No one wants to hear about why you’re a “hard worker” or “team player.” If you want to make a strong impression in an interview, you’re going to have to get a bit more creative.

How to avoid clichés that put interviewers to sleep

My biggest hang-up with the job interview process has never been the act of interviewing itself. Rather, I’ve always spent an inordinate (and frankly, counterproductive) amount of time worrying about the other candidates, nameless and faceless to me, with whom I was competing for a job. Assuming we were all equally qualified, I’ve always worried: What sets me apart from the herd?

Having now gone through the interview process a number of times, I’ve learned one assured way to stand out from the crowd: Avoid describing yourself and your talents with clichés. Treat them the same way you’d steer clear of an 18-wheeler barreling down at you on the highway.

"A resume [or interview] full of clichés but short on specifics won't be memorable to hiring managers," said OfficeTeam executive director Robert Hosking in a release. "Employers want concrete examples of professional achievements as well as descriptions of any transferrable skills that can be applied to the open position."

Toss “team player” or “hard worker” out of your vocabulary. In all likelihood, the other applicants you’re competing with for the job are speaking in similar language.

Lucky for you, there are three simple steps that will help you get a leg up on the competition.

Get specific about what makes you special

Think about what makes you a team player. You might say something like, “I thrive in collaborative settings. I take well to constructive criticism and am willing to learn from those around me. But I’m also not afraid to speak my mind and lend my thoughts and ideas to projects I think I can improve on.”

This relays more or less the same message but is specific. Vague platitudes are easy to forget, especially for interviewers who hear them from seven different people. Specific qualities are memorable.

Hosking advises to focus more on storytelling than listing off accomplishments.

"People recall the stories they hear,” he says. “During interviews, job applicants should share anecdotes that illustrate their best qualities."

Give examples of your traits and how they apply to the new job

“For each strength you give, be prepared to back it up,” writes Lin Grensing-Pophal in The Everything Job Interview Book. “To say that you have initiative without mentioning a specific example of this trait will not work. In addition to describing how your strengths have worked for you in the past, talk about the ways in which these skills could be put to use in the new position.”

As a writer, I might reference past work I’ve done with other writers. It shows I’m not overly possessive of every project I’m involved with (since I’ve shared bylines) and that I’m not opposed to splitting credit with other people for work I’ve contributed to.

Demonstrate your company knowledge with smart questions

They say it’s good practice to study up on a company in advance of an interview. You want to go in knowing what challenges the company faces in the industry and maybe even show up with some questions of your own.

What’s important is “actually asking the kinds of questions designed to make the interviewer sit up and take notice,” writes John Kador in a Monster article. “It’s no longer enough to be qualified.
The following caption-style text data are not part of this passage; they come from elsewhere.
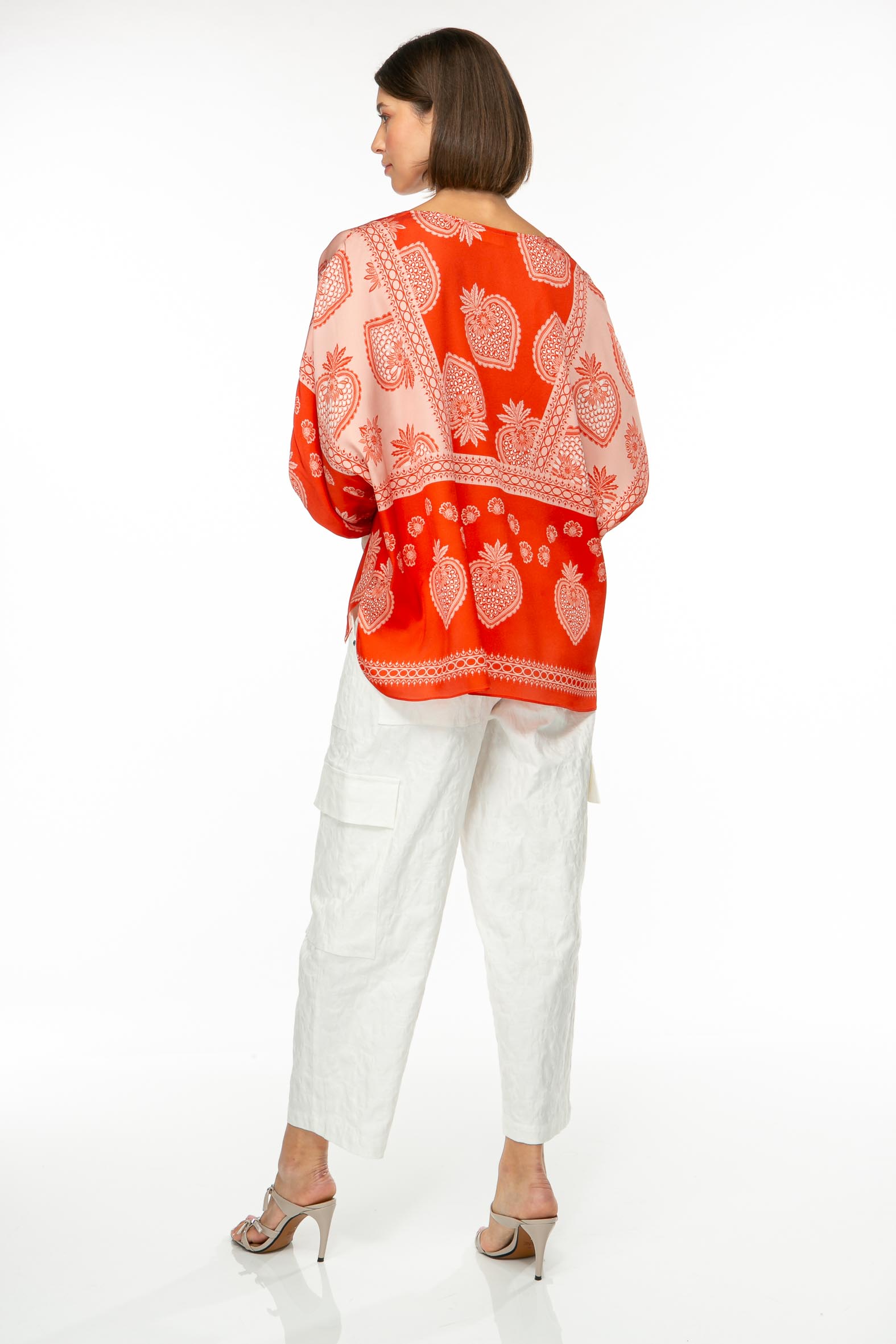M85_6334 Produktbild: STRAWBERRY Tunika mit Erdbeerprint auf rotem Hintergrund. Bild von hinten.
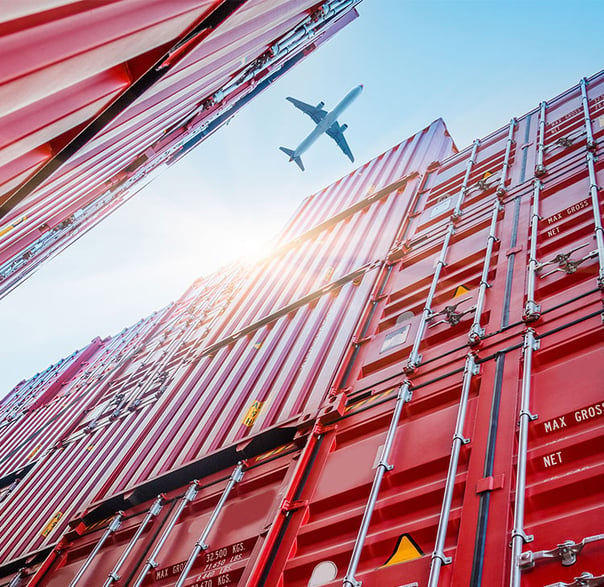 Plane flying over red shipping containers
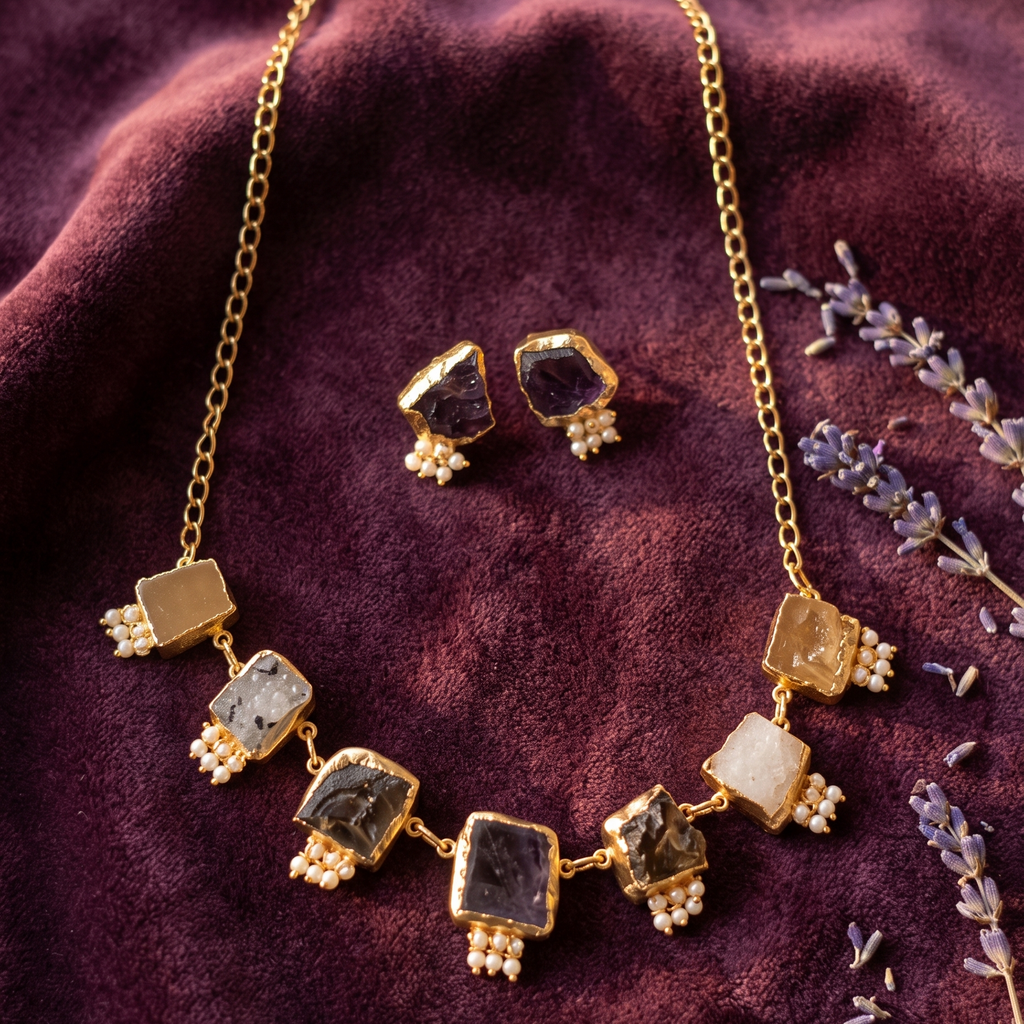 A gold-toned statement necklace and matching stud earrings displayed on a deep burgundy velvet fabric, accented with dried lavender sprigs. The necklace features multiple rectangular gemstone charms in black, white, and smoky tones, each decorated with small white bead clusters.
Kador says the goal is to make a statement in the form of a question. He suggests asking questions like:

  • What exactly does this company value the most, and how do you think my work for you will further these values?
  • What will have happened six months from now that will demonstrate that I have met your expectations?
  • Do you have any concerns about my being successful in this position?

“Don’t squander the opportunity to shine by asking mundane questions the interviewer has heard before,” writes Kador.